What you are asked to do:
Your reply must hold the lines from the one containing "Network Control Software Application" to the end of the entries, copied exactly, with pictures excluded.
******
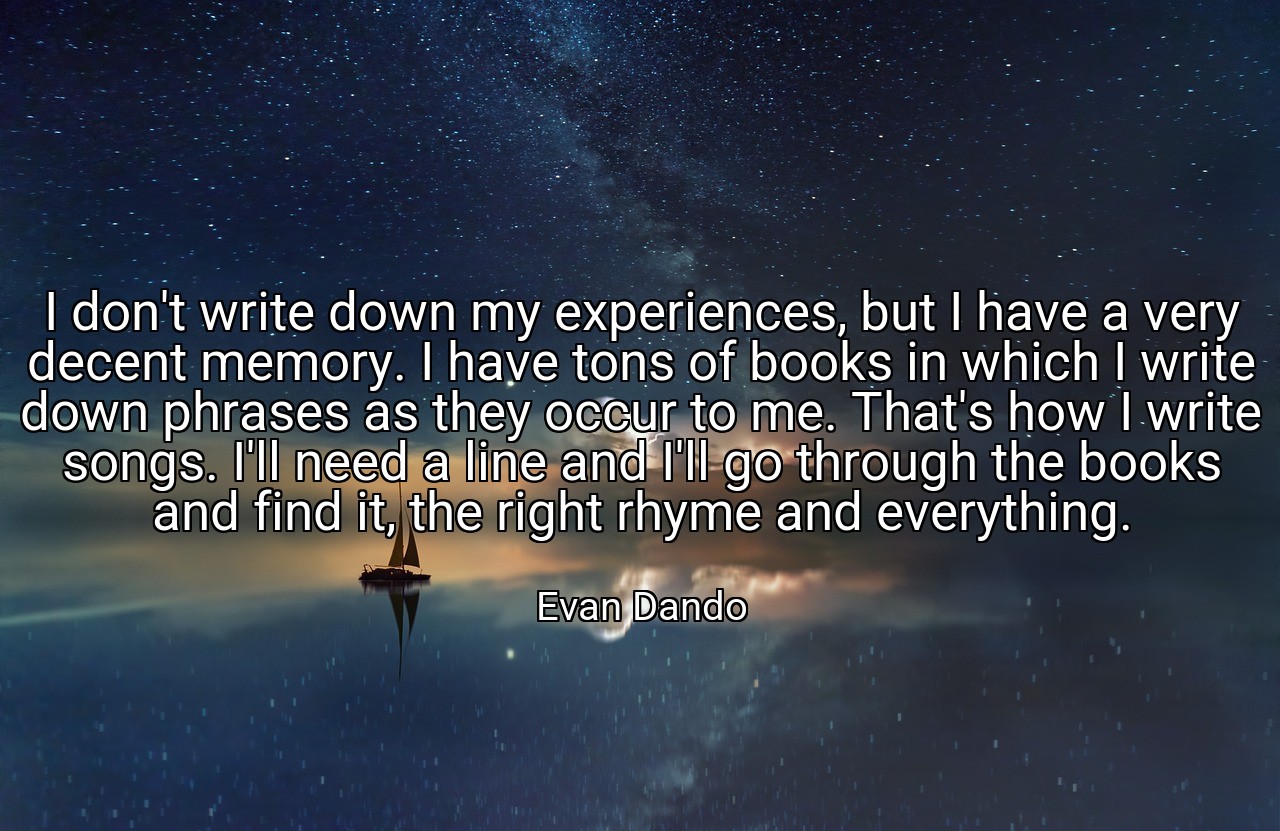I don't write down my experiences, but I have a very decent memory. I have tons of books in which I write down phrases as they occur to me. That's how I write songs. I'll need a line and I'll go through the books and find it, the right rhyme and everything. - Evan Dando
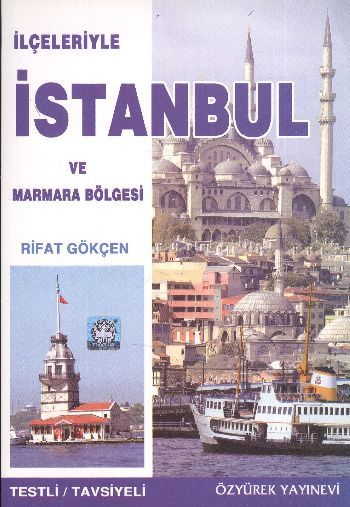 İstanbul ve Marmara İlimiz ve Bölgemizi Tanıyalım İlçeleriyle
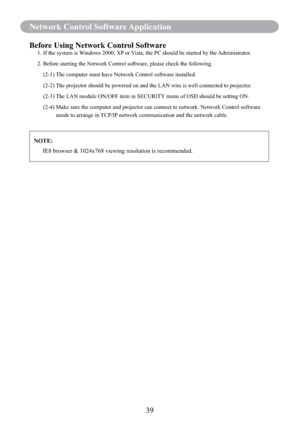 Page 4139
Network Control Software Application
Before Using Network Control Software1. If the system is Windows 2000, XP or Vista, the PC should be started by the Administrator.
2.  Before starting the Network Control software, please check the following.
    (2-1) The computer must have Network Control software installed.
    (2-2)  The projector should be powered on and the LAN wire is well connected to projector.
    (2-3) The LAN module ON/OFF item in SECURITY menu of OSD should be setting ON.
    (2-4)...
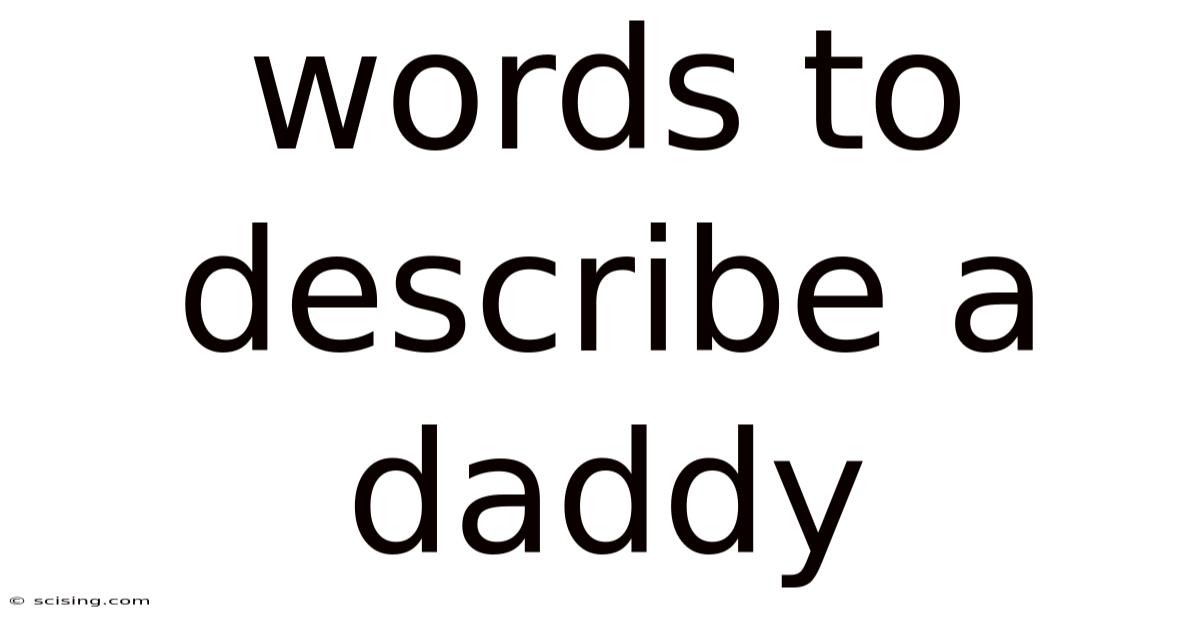 Words To Describe A Daddy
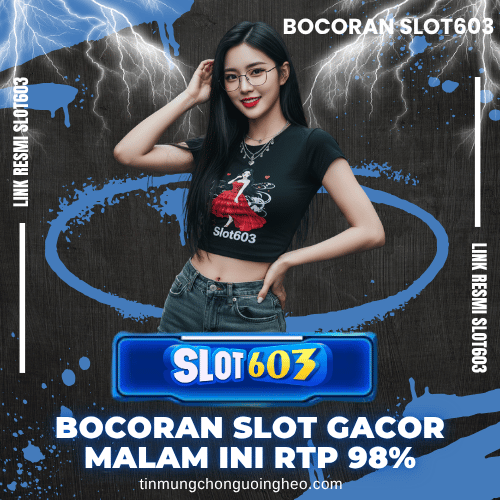 Bocoran Slot603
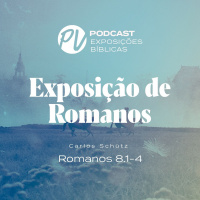 Exposição de Romanos - Romanos 8.1-4 - Carlos Schütz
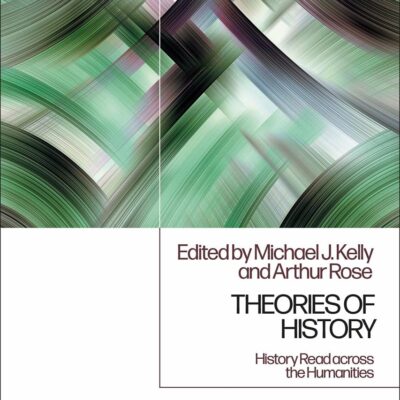 Theories of History: History Read across the Humanities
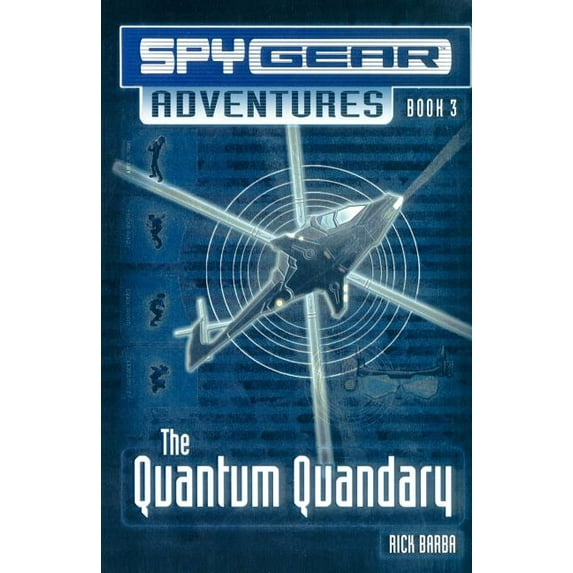Spy Gear Adventures The Quantum Quandary, Book 3, (Paperback)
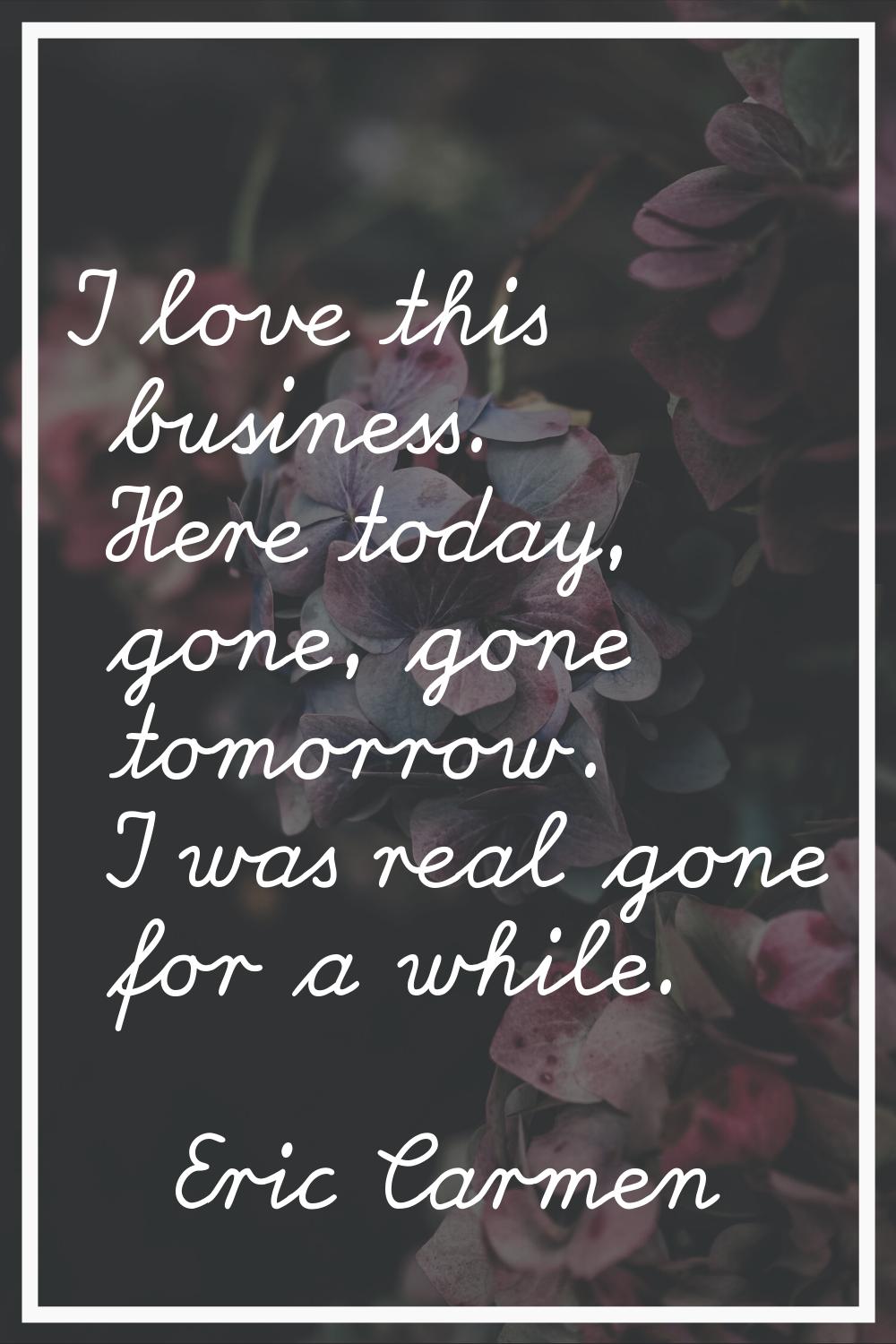 I love this business. Here today, gone, gone tomorrow. I was real gone for a while.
******
Task result:
Network Control Software Application
Before Using Network Control Software1. If the system is Windows 2000, XP or Vista, the PC should be started by the Administrator.
2.  Before starting the Network Control software, please check the following.
    (2-1) The computer must have Network Control software installed.
    (2-2)  The projector should be powered on and the LAN wire is well connected to projector.
    (2-3) The LAN module ON/OFF item in SECURITY menu of OSD should be setting ON.
    (2-4)...
 Words To Describe A Daddy
 Bocoran Slot603
 Exposição de Romanos - Romanos 8.1-4 - Carlos Schütz
 Theories of History: History Read across the Humanities
Spy Gear Adventures The Quantum Quandary, Book 3, (Paperback)
 I love this business. Here today, gone, gone tomorrow. I was real gone for a while.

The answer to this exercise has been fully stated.